→ **What to work on**
The expected result is the full listing, retyped exactly, without a single picture.

→ **Data excerpts**
□ □ □

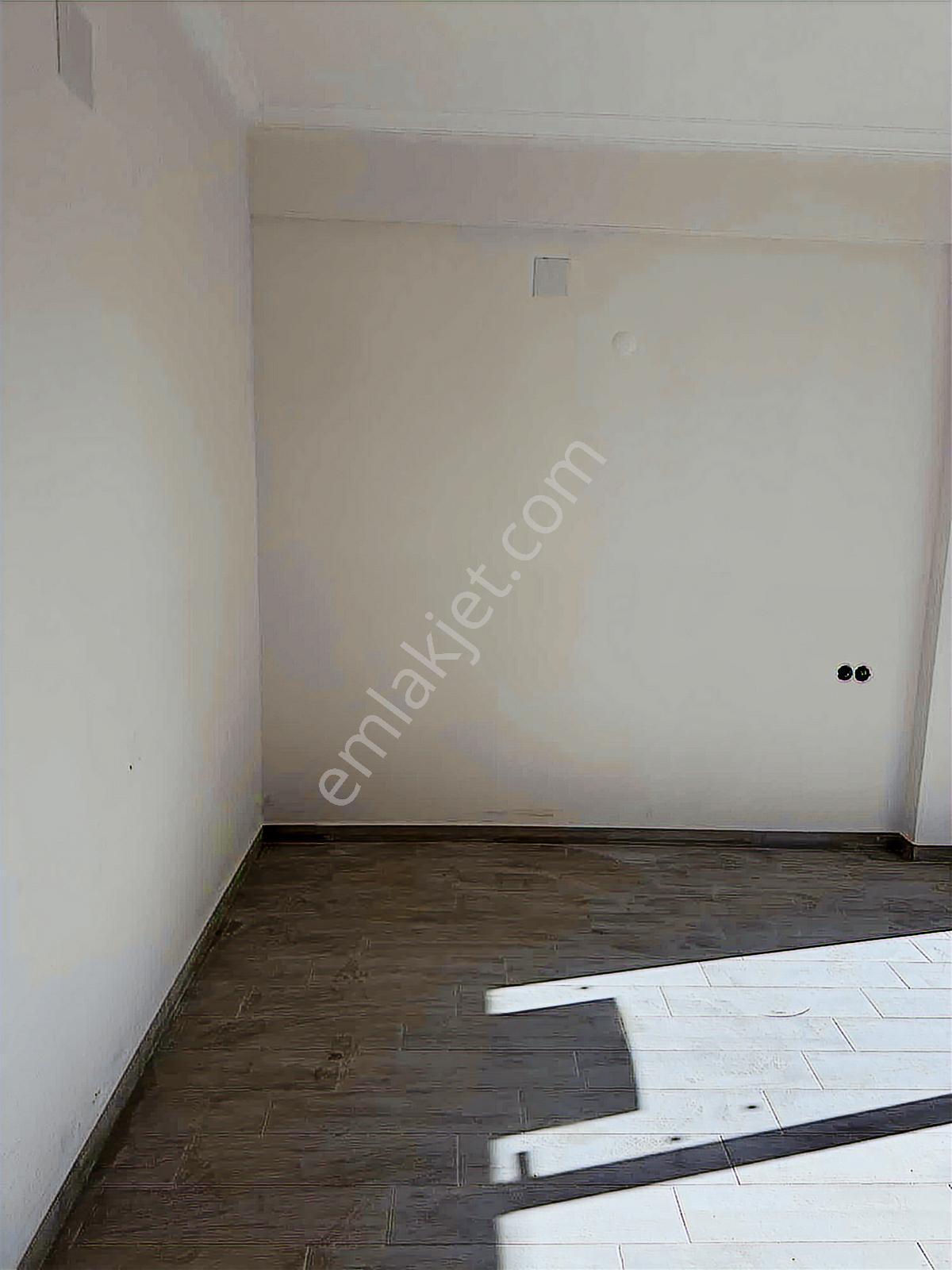 Ortaca Merkezde Satılık 1+1 | Havuzlu Site | Zemin Kat | Sıfır - Görsel 14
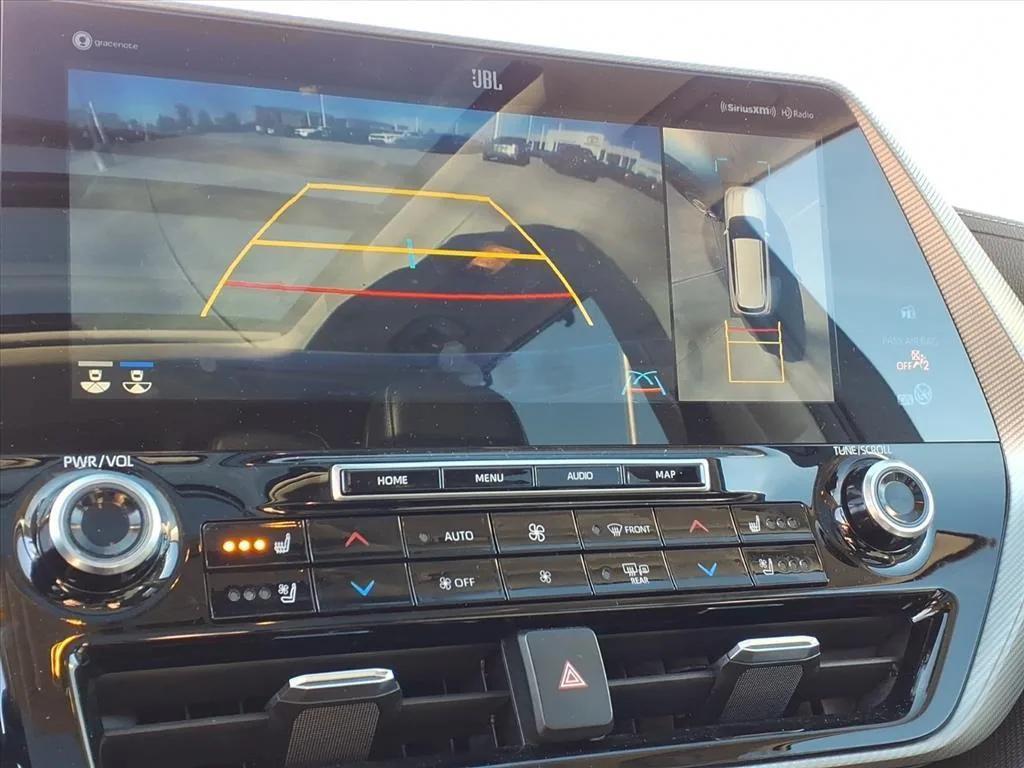 used 2022 Toyota Highlander car, priced at $34,900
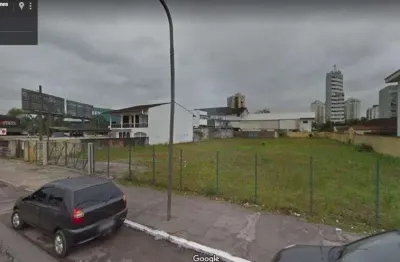 Terreno no centro com 0 quartos para venda, 1700 m²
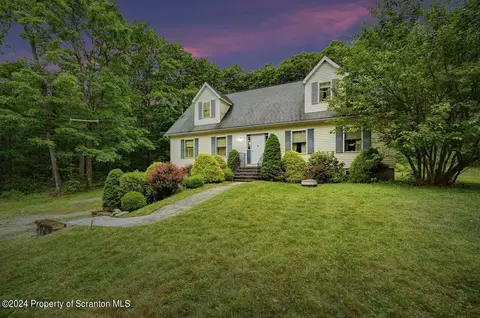 45 W Shore Dr, Jefferson Twp, PA 18436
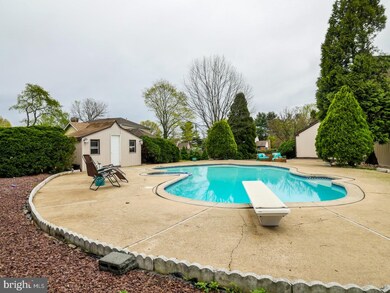 49 Meer Dr, Feasterville Trevose, PA 19053 - photo 4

□ □ □

→ **Exercise result**
 Ortaca Merkezde Satılık 1+1 | Havuzlu Site | Zemin Kat | Sıfır - Görsel 14
 used 2022 Toyota Highlander car, priced at $34,900
 Terreno no centro com 0 quartos para venda, 1700 m²
 45 W Shore Dr, Jefferson Twp, PA 18436
 49 Meer Dr, Feasterville Trevose, PA 19053 - photo 4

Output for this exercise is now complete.